PROPOSAL

体験型イベントの企画書の作り方
施設・上司に通る構成と書き方

体験型イベントの企画書とは、施設や決裁者に「なぜこのイベントをやるのか、何が起こるのか、いくらかかって何が得られるのか」を1つの資料で伝えるものです。通常のイベント企画書と違い、来場者が「何をするのか」と、空間・動線・人数の制約を具体的に書く必要があります。

この記事では、企画書に入れる9項目、体験型ならではの書き方、予算とスケジュールの書き方、施設や決裁者から必ず聞かれることを、体験型イベントの企画・制作会社である株式会社ex Labsが整理します。制作会社に相談する前の下書きにも使えます。

公開日:2026年9月12日

この記事の要点

  • 体験型イベントの企画書は、目的・KPI・対象・会場と制約・体験の内容・形式・スケジュール・予算・体制とリスクの9項目で、読む人が「判断できる」状態にします。
  • 体験型ならではの要点は、来場者が受付から終了まで何をするかを時系列で書き、同時体験人数・所要時間・受付枠を示すことです。
  • 予算は制作費・運営費・告知費・会場費に分け、既存導入で数十万円台〜、オリジナルで100万円前後〜の目安と、レベニューシェア(初期費用0円)の選択肢を書きます。
  • 制作会社には目的・対象・制約・予算上限・希望時期があれば相談でき、体験の内容は未定でも構いません。

DEFINITION

体験型イベントの企画書とは

企画書の役割は、読む人が「判断できる」状態にすることです。施設の担当者なら営業への影響と安全、決裁者なら費用対効果、制作会社なら制作範囲を判断します。読む相手ごとに知りたいことが違うため、1つの資料に「目的」「体験の内容」「制約」「費用と効果」「体制と日程」がそろっている必要があります。
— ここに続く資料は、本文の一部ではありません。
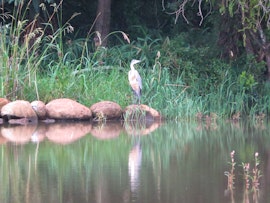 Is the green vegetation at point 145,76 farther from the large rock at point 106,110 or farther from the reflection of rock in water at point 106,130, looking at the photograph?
the reflection of rock in water at point 106,130

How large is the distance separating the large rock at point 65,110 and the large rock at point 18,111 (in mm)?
360

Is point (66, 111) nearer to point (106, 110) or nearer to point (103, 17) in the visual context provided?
point (106, 110)

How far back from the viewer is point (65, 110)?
39.6ft

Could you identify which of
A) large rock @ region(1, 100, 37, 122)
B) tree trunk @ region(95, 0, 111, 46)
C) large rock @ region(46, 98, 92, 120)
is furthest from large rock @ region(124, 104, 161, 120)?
tree trunk @ region(95, 0, 111, 46)

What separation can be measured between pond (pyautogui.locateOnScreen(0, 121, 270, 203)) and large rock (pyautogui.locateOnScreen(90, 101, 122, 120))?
117 centimetres

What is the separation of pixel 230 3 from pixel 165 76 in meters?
2.16

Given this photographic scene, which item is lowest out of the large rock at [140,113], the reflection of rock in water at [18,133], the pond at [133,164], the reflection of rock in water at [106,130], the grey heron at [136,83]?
the pond at [133,164]

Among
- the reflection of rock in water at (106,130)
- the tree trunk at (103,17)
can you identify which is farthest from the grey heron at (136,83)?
the tree trunk at (103,17)

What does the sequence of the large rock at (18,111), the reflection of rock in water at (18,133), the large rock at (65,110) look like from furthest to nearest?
the large rock at (65,110) → the large rock at (18,111) → the reflection of rock in water at (18,133)

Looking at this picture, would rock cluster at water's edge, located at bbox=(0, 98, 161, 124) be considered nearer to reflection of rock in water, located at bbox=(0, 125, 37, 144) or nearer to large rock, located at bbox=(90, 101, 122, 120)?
large rock, located at bbox=(90, 101, 122, 120)

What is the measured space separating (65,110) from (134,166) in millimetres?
5209

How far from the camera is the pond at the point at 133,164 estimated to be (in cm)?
559

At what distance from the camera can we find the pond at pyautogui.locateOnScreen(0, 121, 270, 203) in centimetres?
559

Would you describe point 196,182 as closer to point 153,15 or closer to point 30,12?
point 30,12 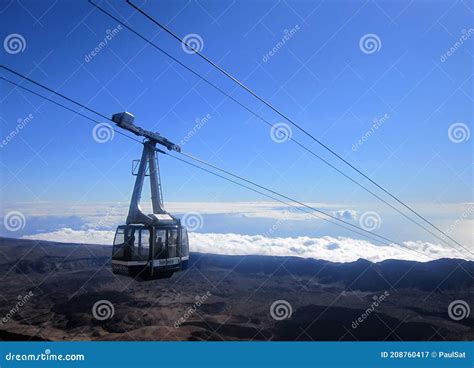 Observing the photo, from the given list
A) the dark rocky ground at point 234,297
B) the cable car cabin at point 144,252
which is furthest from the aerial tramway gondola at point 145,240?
the dark rocky ground at point 234,297

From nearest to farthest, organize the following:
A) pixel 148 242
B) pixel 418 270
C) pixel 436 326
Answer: pixel 148 242 → pixel 436 326 → pixel 418 270

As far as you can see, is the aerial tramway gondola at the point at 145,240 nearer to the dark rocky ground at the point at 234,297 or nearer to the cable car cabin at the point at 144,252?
the cable car cabin at the point at 144,252

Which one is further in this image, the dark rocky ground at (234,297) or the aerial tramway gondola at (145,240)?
the dark rocky ground at (234,297)

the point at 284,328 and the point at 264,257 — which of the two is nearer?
the point at 284,328

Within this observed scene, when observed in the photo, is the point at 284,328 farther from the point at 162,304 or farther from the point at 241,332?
the point at 162,304

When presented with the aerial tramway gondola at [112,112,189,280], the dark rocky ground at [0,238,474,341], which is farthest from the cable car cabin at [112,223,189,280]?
the dark rocky ground at [0,238,474,341]

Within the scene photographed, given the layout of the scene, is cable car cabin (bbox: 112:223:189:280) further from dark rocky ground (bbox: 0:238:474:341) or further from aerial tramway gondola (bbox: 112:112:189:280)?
dark rocky ground (bbox: 0:238:474:341)

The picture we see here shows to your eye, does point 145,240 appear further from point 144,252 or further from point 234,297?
point 234,297

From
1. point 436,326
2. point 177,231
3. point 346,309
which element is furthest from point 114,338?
point 436,326

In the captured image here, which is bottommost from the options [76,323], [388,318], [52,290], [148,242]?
[52,290] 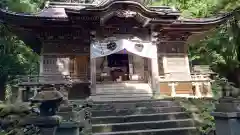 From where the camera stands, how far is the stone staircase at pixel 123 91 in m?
11.0

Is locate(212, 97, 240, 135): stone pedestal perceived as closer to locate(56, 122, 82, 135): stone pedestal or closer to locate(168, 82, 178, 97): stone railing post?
locate(56, 122, 82, 135): stone pedestal

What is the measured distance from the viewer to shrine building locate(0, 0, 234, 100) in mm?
11164

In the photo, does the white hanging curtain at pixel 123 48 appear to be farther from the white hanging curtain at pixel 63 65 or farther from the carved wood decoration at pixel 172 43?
the white hanging curtain at pixel 63 65

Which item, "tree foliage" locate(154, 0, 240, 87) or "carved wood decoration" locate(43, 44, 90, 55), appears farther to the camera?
"tree foliage" locate(154, 0, 240, 87)

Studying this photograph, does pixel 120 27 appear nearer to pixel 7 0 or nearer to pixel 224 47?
pixel 224 47

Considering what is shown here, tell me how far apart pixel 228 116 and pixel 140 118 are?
11.0 feet

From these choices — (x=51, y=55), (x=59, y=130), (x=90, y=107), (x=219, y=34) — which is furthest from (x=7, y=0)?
(x=219, y=34)

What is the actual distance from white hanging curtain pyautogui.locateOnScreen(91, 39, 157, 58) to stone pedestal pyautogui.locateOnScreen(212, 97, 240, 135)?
610cm

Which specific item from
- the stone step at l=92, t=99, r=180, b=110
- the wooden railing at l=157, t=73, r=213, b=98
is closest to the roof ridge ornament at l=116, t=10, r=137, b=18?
the wooden railing at l=157, t=73, r=213, b=98

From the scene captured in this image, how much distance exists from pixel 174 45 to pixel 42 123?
10.5m

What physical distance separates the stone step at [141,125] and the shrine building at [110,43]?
326 centimetres

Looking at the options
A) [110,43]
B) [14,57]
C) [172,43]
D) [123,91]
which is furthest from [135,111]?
[14,57]

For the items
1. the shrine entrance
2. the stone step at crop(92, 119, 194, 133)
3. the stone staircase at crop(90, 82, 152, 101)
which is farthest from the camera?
the shrine entrance

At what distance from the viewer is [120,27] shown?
12.2 m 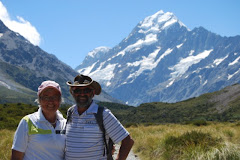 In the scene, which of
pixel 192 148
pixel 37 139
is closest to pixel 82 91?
pixel 37 139

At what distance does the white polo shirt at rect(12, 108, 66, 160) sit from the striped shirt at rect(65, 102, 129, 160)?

体験型イベントの基本は体験型イベントとは、企画の発想は体験型イベントの企画アイデアをご覧ください。

9 ITEMS

企画書に入れる9項目

項目書くこと抜けやすい点
1. 目的集客・回遊・売上・話題化・研修のどれか。1つに絞る目的が複数あると評価できない
2. 主要指標(KPI)目的に対応する数字1つと、補助指標2〜3個測定方法まで書く
3. 対象誰に来てほしいか(年齢層・グループ構成・既存客か新規か)「幅広く」は対象を決めていないのと同じ
4. 会場と制約使える区画・時間帯・人数上限・営業への影響使えない場所・時間も書く
5. 体験の内容来場者が受付から終了まで何をするか(所要時間・動線)「イマーシブ体験」だけでは伝わらない
6. 形式と制作方法既存コンテンツの導入かオリジナル制作か、制作会社の関与範囲自社で担当する業務を明記
7. スケジュール企画確定・制作・テストプレイ・告知開始・実施・振り返りテストプレイの日を入れる
8. 予算制作費・運営費・告知費・会場費の内訳と、収入の有無再演時の費用を分ける
9. 体制とリスク担当者、当日の運営人数、安全・混雑・雨天・クレームの対応問い合わせ窓口

この順番は、読む人の疑問の順番です。「なぜ」(目的)→「誰に」(対象)→「どこで何を」(会場・内容)→「どう作る」(形式)→「いつ・いくら」(日程・予算)→「誰が・何かあったら」(体制・リスク)の流れで書くと、質問が先回りされた企画書になります。

EXPERIENCE

「体験型」ならではの書き方

体験型イベントの企画書で最も重要なのは、5番目の「体験の内容」です。来場者の立場で、時系列に書きます。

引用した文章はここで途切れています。